#### Task directions:
Write down, unchanged, the entries from the first line through the line holding "RedDoorz Plus @ Taman Madiun Hotel a Madiun". Include no other line.
---- Given entries
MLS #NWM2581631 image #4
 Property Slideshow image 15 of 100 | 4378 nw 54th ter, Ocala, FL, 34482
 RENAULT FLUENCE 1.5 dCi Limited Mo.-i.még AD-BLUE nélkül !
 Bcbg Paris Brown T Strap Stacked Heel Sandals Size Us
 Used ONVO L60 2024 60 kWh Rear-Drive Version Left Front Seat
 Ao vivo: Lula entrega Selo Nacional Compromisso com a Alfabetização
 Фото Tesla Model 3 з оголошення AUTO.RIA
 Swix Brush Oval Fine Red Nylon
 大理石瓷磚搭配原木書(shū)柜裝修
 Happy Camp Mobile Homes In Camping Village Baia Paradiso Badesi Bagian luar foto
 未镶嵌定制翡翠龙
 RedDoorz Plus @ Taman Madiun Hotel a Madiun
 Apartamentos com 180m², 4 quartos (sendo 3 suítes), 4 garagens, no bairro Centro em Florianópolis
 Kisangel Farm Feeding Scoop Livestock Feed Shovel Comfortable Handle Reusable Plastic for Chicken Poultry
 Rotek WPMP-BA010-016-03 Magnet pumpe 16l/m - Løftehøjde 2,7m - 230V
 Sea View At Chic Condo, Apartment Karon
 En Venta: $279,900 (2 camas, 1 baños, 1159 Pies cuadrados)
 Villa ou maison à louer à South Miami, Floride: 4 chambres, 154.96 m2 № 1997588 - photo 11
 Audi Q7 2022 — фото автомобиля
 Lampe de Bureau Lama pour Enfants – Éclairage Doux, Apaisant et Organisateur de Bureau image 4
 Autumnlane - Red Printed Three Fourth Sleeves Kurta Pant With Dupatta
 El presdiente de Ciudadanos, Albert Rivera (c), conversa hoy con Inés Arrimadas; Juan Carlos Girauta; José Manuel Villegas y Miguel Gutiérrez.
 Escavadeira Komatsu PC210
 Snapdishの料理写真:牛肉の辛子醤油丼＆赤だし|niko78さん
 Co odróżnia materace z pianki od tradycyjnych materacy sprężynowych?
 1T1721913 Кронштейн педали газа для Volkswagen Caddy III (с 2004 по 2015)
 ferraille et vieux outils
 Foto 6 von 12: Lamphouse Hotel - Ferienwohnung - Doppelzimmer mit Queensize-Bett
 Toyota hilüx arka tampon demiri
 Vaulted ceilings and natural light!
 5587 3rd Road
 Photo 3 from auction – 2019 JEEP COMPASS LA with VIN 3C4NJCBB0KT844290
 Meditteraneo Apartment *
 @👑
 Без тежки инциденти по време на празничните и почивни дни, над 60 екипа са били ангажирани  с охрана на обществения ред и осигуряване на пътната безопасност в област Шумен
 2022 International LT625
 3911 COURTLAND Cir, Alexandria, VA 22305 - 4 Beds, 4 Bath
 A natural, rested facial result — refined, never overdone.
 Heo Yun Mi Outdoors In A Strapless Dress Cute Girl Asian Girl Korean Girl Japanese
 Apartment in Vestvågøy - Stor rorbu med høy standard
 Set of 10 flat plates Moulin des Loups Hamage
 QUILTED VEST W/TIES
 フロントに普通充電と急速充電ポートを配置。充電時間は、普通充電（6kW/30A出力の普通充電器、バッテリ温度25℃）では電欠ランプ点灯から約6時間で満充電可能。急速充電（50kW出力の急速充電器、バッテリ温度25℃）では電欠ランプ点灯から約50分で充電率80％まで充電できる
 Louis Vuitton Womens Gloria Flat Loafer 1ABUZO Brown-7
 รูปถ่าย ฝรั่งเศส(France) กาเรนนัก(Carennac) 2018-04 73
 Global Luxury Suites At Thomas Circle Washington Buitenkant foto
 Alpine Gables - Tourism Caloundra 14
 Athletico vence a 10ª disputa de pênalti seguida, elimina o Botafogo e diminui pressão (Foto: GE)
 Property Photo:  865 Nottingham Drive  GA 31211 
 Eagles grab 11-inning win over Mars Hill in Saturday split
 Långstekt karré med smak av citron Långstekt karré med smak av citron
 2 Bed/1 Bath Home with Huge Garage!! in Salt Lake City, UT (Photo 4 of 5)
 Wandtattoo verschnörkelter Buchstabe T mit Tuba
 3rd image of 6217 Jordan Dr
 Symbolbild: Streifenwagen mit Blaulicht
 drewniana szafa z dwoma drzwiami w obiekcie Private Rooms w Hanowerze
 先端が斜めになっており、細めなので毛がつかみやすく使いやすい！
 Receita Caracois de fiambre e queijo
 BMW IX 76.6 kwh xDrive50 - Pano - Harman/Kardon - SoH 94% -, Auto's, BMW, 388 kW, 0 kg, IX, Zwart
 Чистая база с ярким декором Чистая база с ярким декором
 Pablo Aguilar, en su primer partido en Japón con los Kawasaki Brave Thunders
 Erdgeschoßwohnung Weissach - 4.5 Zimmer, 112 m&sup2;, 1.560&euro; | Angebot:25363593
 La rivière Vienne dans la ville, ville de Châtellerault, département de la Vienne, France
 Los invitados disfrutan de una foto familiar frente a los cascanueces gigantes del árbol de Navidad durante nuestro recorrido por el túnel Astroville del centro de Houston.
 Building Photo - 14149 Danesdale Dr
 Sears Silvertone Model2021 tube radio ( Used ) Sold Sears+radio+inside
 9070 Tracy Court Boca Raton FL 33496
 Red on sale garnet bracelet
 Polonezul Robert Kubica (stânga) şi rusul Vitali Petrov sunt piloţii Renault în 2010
--------
#### Output below:
MLS #NWM2581631 image #4
 Property Slideshow image 15 of 100 | 4378 nw 54th ter, Ocala, FL, 34482
 RENAULT FLUENCE 1.5 dCi Limited Mo.-i.még AD-BLUE nélkül !
 Bcbg Paris Brown T Strap Stacked Heel Sandals Size Us
 Used ONVO L60 2024 60 kWh Rear-Drive Version Left Front Seat
 Ao vivo: Lula entrega Selo Nacional Compromisso com a Alfabetização
 Фото Tesla Model 3 з оголошення AUTO.RIA
 Swix Brush Oval Fine Red Nylon
 大理石瓷磚搭配原木書(shū)柜裝修
 Happy Camp Mobile Homes In Camping Village Baia Paradiso Badesi Bagian luar foto
 未镶嵌定制翡翠龙
 RedDoorz Plus @ Taman Madiun Hotel a Madiun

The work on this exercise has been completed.